Why do we tend to dwell on negative thoughts and easily forget the positive? It has been argued that ‘negative events and experiences get quickly stored in memory, in contrast to positive events and experiences, which usually need to be held in awareness for a dozen or more seconds to transfer from short-term memory buffers to long-term storage’ (Dr Hansen). I call this the Velcro-effect, that is, somehow the negative just seems to stick more easily! 

In ancient times, Stoic philosophers counselled: ‘Don’t tell yourself anything more than what the initial impressions report… always stay within your first impressions and don’t add to them in your head!’ (Marcus Aurelius, Meditations, 8,49). There is certainly wisdom in preventing our thoughts from becoming a drama!

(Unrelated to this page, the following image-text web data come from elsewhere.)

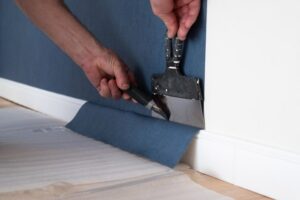 Proper maintenance of wallcoverings in a Dallas home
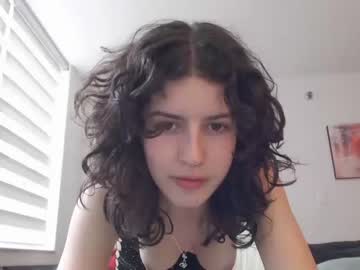 webcam girl frenchava image #4226169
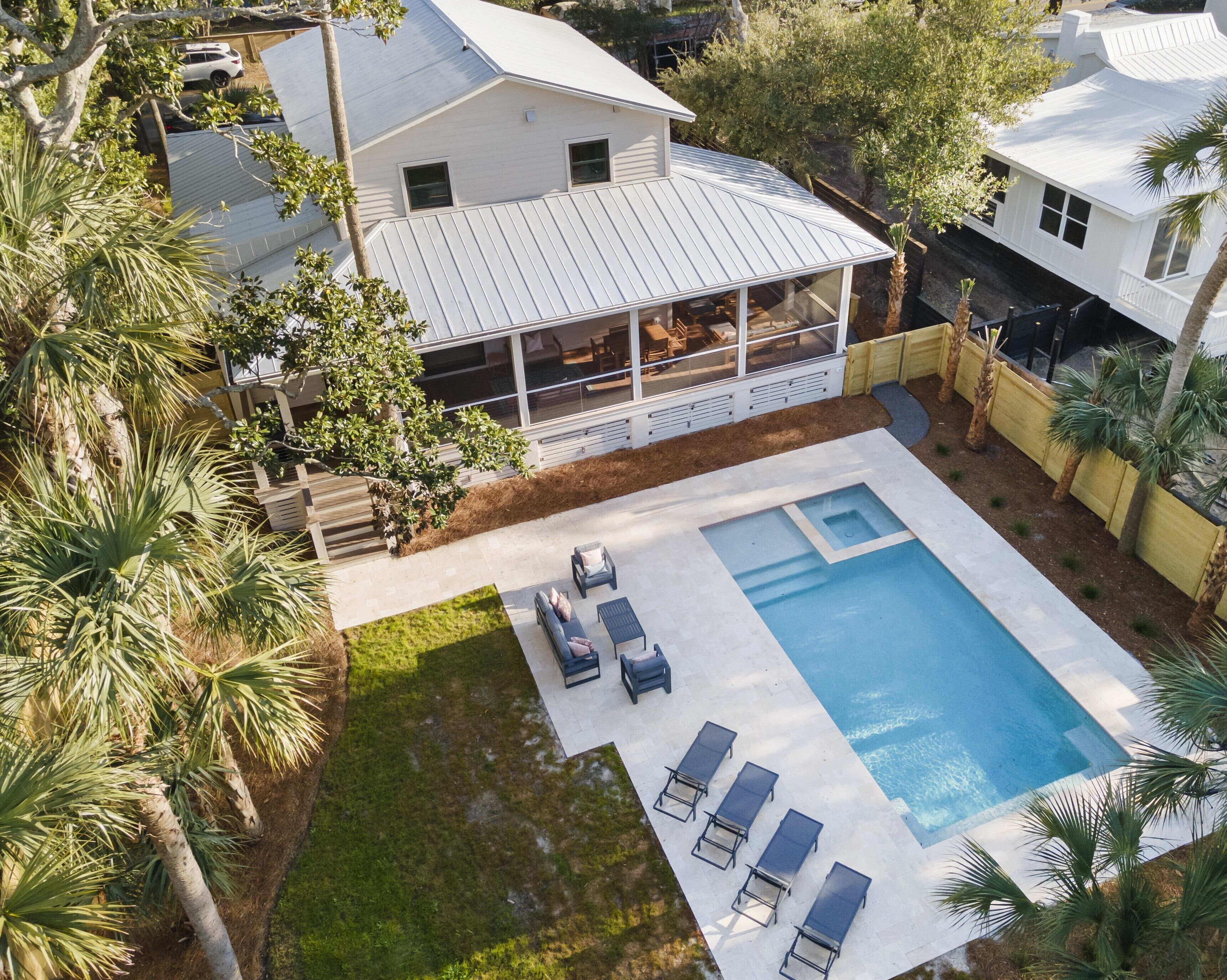 1st Block E Hudson - Green Wave - New and Improved - Pool and Hot Tub - Ideal Central Location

Once a thought gets into our mind, we ruminate on it and before long, it has grown legs if not wings! 

This explains why ‘sometimes we are hurt more by our interpretation than the event itself’ (Seligman). 

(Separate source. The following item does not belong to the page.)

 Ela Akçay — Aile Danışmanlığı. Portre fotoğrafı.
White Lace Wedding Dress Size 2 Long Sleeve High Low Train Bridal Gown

It is important, then, not to add to our first impressions. But what if our first impressions are wrong! Recently a friend challenged me with these words. “Don’t believe everything you think!” I was taken aback. I found myself becoming defensive. How would you react in a similar situation? 

It’s hard to predict how we might react because a lot depends on the circumstances, the quality of the relationship and the significance of what we are talking about. The funny thing is, I can no longer remember what we were actually talking about. Yet this phrase has stayed with me, and indeed haunted me at times! When I recall that encounter, I don’t know whether it was the feeling of annoyance that surfaced first or the thought, “is he telling me that I’ve got it wrong and asking me to doubt myself?” 

One thing was certain. I couldn’t doubt my inner reaction. We don’t have control over such reactions. They can emerge from hidden depths with the speed of lightning. Nevertheless, I have learnt that if we stay with them long enough, and take time to process them, they can yield valuable self-knowledge. 

The temptation remains for each of us to avoid the journey of self-discovery and stay focused on the person with whom we are annoyed or angry. St Francis de Sales says ‘there was never an angry man who thought he was wrong!’ Isn’t it true though, that when we are angry we indeed feel we’re in the right and the other person is always in the wrong! 

Pride appears to follow very quickly on the heels of anger. It takes humility to acknowledge that maybe, just maybe, we don’t have the whole picture. Perhaps, we need to take a step back and look at things differently. I’m not saying we should mistrust everything we think, but simply that we should be open to the truth that there may be more to this situation than my interpretation of it. 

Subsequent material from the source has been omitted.